Among key statistics included in the report: The U.S. ranked 25 out of 37 countries in mathematical literacy, an important metric because a strong grasp of mathematics underlies most science and engineering endeavors.   

Related data also show that U.S. mathematics scores have not improved appreciably for a long time. Student performance on standardized tests in mathematics has been stagnant for the last 13 years over which data are available. In countries large and small, students are outperforming U.S. students in mathematics year after year.  

The new report also shows that results for science literacy are slightly better, with the U.S. earning a rank of 7 out of 37. The average science score also improved between 2006 and 2018.  

STEM performance also varies greatly across different demographic groups in the U.S. For the most part, minority students scored lower than their white peers on standardized testsStudents who rank low in socio-economic status (SES), as measured through the eligibility to receive free and reduced school lunches, also tended to score lower than students who were not eligible. Notably, for all racial/ethnic groups, low-SES students consistently perform significantly worse on these standardized tests than their higher-SES peers in the same demographic group.  

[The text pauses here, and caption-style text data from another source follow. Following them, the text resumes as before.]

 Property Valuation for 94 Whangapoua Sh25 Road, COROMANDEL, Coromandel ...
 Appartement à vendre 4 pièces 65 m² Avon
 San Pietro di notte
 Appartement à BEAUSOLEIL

While the report does not directly address the causes for this disparity, it provides relevant data on topics such as teacher qualifications and training in different regions of the country, computer literacy, access to dual enrollment (i.e., students taking college classes while still enrolled in high school), and access to advanced placement classes in high school.  

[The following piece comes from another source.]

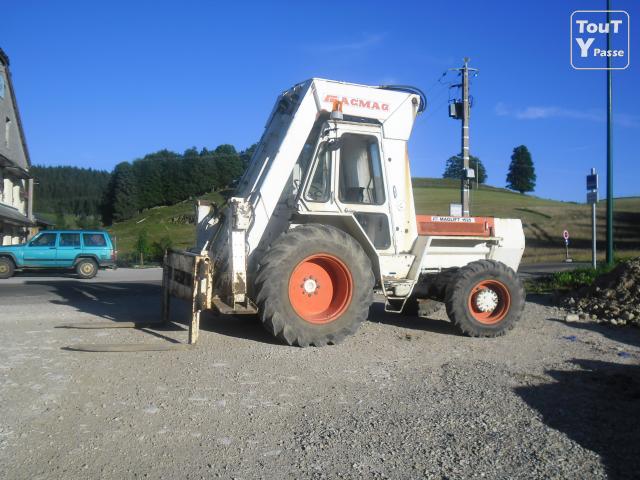 Chariot élévateur ACMAG Photo1-vend-manitou-1-1x2x2x2w1497153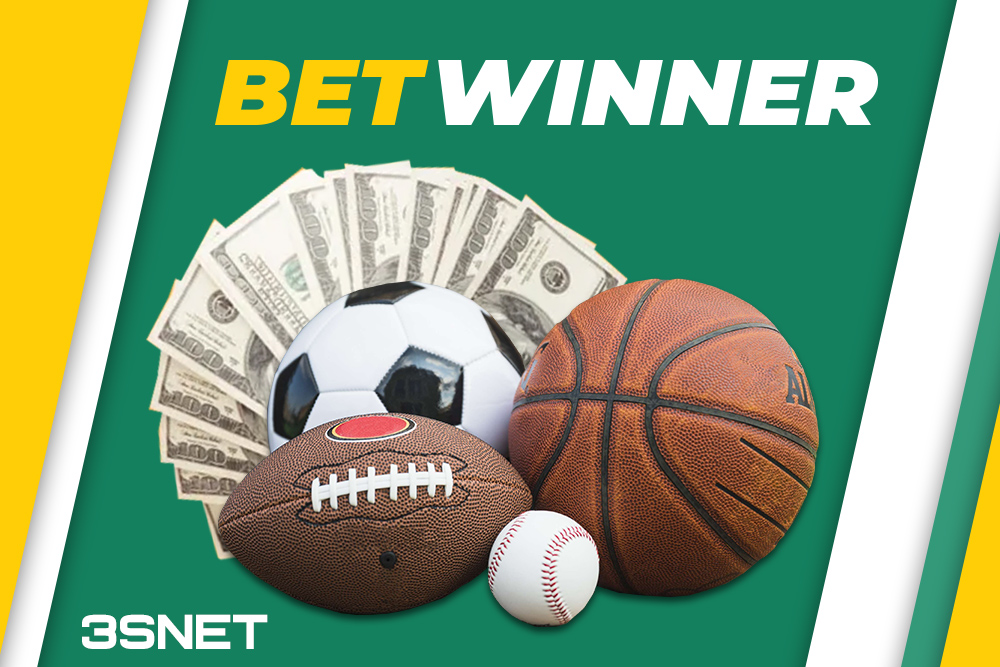 Betwinner Tudo o que Você Precisa Saber sobre Apostas Online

Elementary and secondary education in mathematics and science provides the foundation that prepares students to go into science and engineering fields during their post-secondary education and positions them for jobs that require STEM skills – jobs that have proven to be particularly resilient during economic downturns, including during the COVID-19 pandemic.   

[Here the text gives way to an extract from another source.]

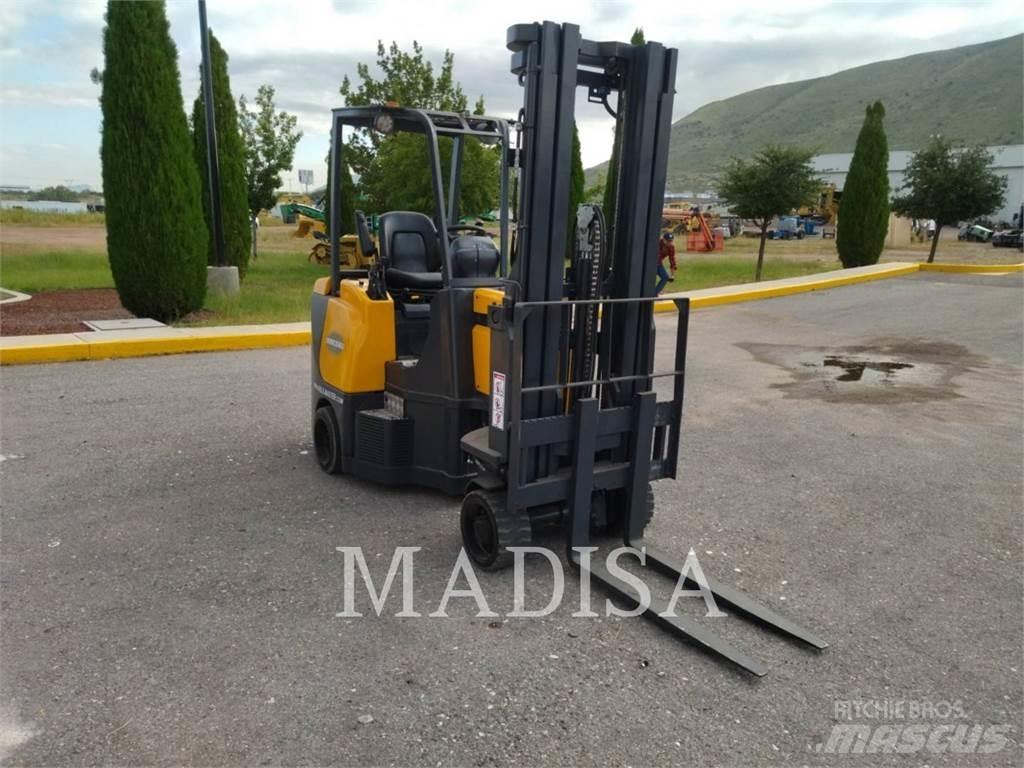 Combilift 20SE Misc Forklifts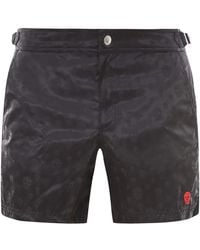 McQueen - Trunks - Lyst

Our nation must focus heavily on developing America’s science and engineering talent at all educational levels, from skilled technical workers to Ph.D. researchers,” says Phillips. “While educational policy is usually determined at the state and local levels and can vary widely across regions, national policymakers and those who distribute money for new science and technology programs must be a part of the conversation about fixing it, because the U.S. needs a STEM-capable workforce to ensure our national security and vibrant economy.” 

The report also includes preliminary data on the impact of COVID-19 on education. The pandemic caused significant disruption in school systems around the country, as many shut down all in-person learning and replaced classrooms with computer-based, online instruction at homeEarly studies show that this disruption has exacerbated learning disparities across the nation. Data presented in the report indicate that during the pandemic, there were notable disparities in access to resources and time with teachers. 


About Science and Engineering Indicators 

Indicators is prepared under the guidance of the National Science Board by the National Center for Science and Engineering Statistics (NCSES), a federal statistical agency within the National Science Foundation.  NCSES is the nation's leading provider of statistical data on the U.S. science and engineering enterprise.  

About the NSB

The NSB identifies issues critical to NSF’s future, establishes its policies, and serves as co-head of agency with the NSF Director. The Board also advises the President and Congress on policy matters related to science and engineering (S&E) and S&E education. Selected for their distinguished service and accomplishments in academia, government, and the private sector, the Board’s 24 presidentially appointed members are leaders in science and engineering, and in science, technology, engineering, and math (STEM) education.